Task prompt: A complete, exact retyping of the data below is required.

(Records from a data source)
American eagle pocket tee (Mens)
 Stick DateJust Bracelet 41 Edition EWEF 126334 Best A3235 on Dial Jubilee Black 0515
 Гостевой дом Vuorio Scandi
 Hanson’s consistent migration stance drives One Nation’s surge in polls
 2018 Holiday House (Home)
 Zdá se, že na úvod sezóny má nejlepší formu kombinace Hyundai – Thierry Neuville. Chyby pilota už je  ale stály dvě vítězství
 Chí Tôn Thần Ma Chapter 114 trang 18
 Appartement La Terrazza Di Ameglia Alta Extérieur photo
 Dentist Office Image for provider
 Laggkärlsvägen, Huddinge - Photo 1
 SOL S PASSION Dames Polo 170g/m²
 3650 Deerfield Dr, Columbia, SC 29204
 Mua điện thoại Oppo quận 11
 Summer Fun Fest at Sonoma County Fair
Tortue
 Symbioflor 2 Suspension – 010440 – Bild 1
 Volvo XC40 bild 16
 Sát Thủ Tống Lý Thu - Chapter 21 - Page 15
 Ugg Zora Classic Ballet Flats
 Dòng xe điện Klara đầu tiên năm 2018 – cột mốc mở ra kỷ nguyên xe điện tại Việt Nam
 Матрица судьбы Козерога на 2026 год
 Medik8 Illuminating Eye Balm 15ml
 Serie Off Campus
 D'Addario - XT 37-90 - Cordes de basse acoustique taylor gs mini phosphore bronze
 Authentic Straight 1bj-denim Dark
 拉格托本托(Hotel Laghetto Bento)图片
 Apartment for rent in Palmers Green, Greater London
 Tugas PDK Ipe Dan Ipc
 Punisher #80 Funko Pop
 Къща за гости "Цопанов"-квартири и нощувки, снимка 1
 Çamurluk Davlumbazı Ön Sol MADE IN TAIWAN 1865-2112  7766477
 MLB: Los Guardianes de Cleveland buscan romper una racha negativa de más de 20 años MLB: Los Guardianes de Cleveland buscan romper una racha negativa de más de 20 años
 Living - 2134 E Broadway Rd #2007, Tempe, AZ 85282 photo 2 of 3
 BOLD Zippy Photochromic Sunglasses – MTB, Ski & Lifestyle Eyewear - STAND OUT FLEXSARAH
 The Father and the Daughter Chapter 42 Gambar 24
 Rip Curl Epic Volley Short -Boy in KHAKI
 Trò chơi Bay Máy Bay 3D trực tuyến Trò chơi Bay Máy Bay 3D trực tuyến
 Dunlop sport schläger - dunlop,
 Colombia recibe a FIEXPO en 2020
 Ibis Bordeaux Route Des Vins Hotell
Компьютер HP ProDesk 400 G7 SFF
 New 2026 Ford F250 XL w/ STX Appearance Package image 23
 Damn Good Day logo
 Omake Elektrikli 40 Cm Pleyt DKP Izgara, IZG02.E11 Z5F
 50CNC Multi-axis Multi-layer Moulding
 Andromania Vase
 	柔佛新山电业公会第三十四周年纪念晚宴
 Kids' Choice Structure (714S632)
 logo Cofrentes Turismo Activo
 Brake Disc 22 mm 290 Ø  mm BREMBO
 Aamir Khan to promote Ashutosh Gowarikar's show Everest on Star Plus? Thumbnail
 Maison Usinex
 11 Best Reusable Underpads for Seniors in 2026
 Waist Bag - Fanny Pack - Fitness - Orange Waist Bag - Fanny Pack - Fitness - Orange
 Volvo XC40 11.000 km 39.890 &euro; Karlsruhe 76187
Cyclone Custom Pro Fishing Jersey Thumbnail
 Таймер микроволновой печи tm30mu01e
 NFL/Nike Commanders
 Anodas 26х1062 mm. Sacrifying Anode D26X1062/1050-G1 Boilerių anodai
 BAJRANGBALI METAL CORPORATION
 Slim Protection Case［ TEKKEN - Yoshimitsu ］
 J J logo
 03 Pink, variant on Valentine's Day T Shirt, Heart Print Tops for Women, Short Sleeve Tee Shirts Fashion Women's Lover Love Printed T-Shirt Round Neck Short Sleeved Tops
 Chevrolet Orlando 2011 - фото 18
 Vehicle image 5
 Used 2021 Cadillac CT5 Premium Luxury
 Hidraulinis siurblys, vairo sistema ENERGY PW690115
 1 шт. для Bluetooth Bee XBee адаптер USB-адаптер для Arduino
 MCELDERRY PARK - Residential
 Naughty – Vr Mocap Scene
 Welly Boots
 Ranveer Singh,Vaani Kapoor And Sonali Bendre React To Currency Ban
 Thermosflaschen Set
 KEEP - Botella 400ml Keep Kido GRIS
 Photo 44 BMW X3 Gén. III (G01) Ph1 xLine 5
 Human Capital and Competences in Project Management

Reply to the task:
American eagle pocket tee (Mens)
 Stick DateJust Bracelet 41 Edition EWEF 126334 Best A3235 on Dial Jubilee Black 0515
 Гостевой дом Vuorio Scandi
 Hanson’s consistent migration stance drives One Nation’s surge in polls
 2018 Holiday House (Home)
 Zdá se, že na úvod sezóny má nejlepší formu kombinace Hyundai – Thierry Neuville. Chyby pilota už je  ale stály dvě vítězství
 Chí Tôn Thần Ma Chapter 114 trang 18
 Appartement La Terrazza Di Ameglia Alta Extérieur photo
 Dentist Office Image for provider
 Laggkärlsvägen, Huddinge - Photo 1
 SOL S PASSION Dames Polo 170g/m²
 3650 Deerfield Dr, Columbia, SC 29204
 Mua điện thoại Oppo quận 11
 Summer Fun Fest at Sonoma County Fair
Tortue
 Symbioflor 2 Suspension – 010440 – Bild 1
 Volvo XC40 bild 16
 Sát Thủ Tống Lý Thu - Chapter 21 - Page 15
 Ugg Zora Classic Ballet Flats
 Dòng xe điện Klara đầu tiên năm 2018 – cột mốc mở ra kỷ nguyên xe điện tại Việt Nam
 Матрица судьбы Козерога на 2026 год
 Medik8 Illuminating Eye Balm 15ml
 Serie Off Campus
 D'Addario - XT 37-90 - Cordes de basse acoustique taylor gs mini phosphore bronze
 Authentic Straight 1bj-denim Dark
 拉格托本托(Hotel Laghetto Bento)图片
 Apartment for rent in Palmers Green, Greater London
 Tugas PDK Ipe Dan Ipc
 Punisher #80 Funko Pop
 Къща за гости "Цопанов"-квартири и нощувки, снимка 1
 Çamurluk Davlumbazı Ön Sol MADE IN TAIWAN 1865-2112  7766477
 MLB: Los Guardianes de Cleveland buscan romper una racha negativa de más de 20 años MLB: Los Guardianes de Cleveland buscan romper una racha negativa de más de 20 años
 Living - 2134 E Broadway Rd #2007, Tempe, AZ 85282 photo 2 of 3
 BOLD Zippy Photochromic Sunglasses – MTB, Ski & Lifestyle Eyewear - STAND OUT FLEXSARAH
 The Father and the Daughter Chapter 42 Gambar 24
 Rip Curl Epic Volley Short -Boy in KHAKI
 Trò chơi Bay Máy Bay 3D trực tuyến Trò chơi Bay Máy Bay 3D trực tuyến
 Dunlop sport schläger - dunlop,
 Colombia recibe a FIEXPO en 2020
 Ibis Bordeaux Route Des Vins Hotell
Компьютер HP ProDesk 400 G7 SFF
 New 2026 Ford F250 XL w/ STX Appearance Package image 23
 Damn Good Day logo
 Omake Elektrikli 40 Cm Pleyt DKP Izgara, IZG02.E11 Z5F
 50CNC Multi-axis Multi-layer Moulding
 Andromania Vase
 	柔佛新山电业公会第三十四周年纪念晚宴
 Kids' Choice Structure (714S632)
 logo Cofrentes Turismo Activo
 Brake Disc 22 mm 290 Ø  mm BREMBO
 Aamir Khan to promote Ashutosh Gowarikar's show Everest on Star Plus? Thumbnail
 Maison Usinex
 11 Best Reusable Underpads for Seniors in 2026
 Waist Bag - Fanny Pack - Fitness - Orange Waist Bag - Fanny Pack - Fitness - Orange
 Volvo XC40 11.000 km 39.890 &euro; Karlsruhe 76187
Cyclone Custom Pro Fishing Jersey Thumbnail
 Таймер микроволновой печи tm30mu01e
 NFL/Nike Commanders
 Anodas 26х1062 mm. Sacrifying Anode D26X1062/1050-G1 Boilerių anodai
 BAJRANGBALI METAL CORPORATION
 Slim Protection Case［ TEKKEN - Yoshimitsu ］
 J J logo
 03 Pink, variant on Valentine's Day T Shirt, Heart Print Tops for Women, Short Sleeve Tee Shirts Fashion Women's Lover Love Printed T-Shirt Round Neck Short Sleeved Tops
 Chevrolet Orlando 2011 - фото 18
 Vehicle image 5
 Used 2021 Cadillac CT5 Premium Luxury
 Hidraulinis siurblys, vairo sistema ENERGY PW690115
 1 шт. для Bluetooth Bee XBee адаптер USB-адаптер для Arduino
 MCELDERRY PARK - Residential
 Naughty – Vr Mocap Scene
 Welly Boots
 Ranveer Singh,Vaani Kapoor And Sonali Bendre React To Currency Ban
 Thermosflaschen Set
 KEEP - Botella 400ml Keep Kido GRIS
 Photo 44 BMW X3 Gén. III (G01) Ph1 xLine 5
 Human Capital and Competences in Project Management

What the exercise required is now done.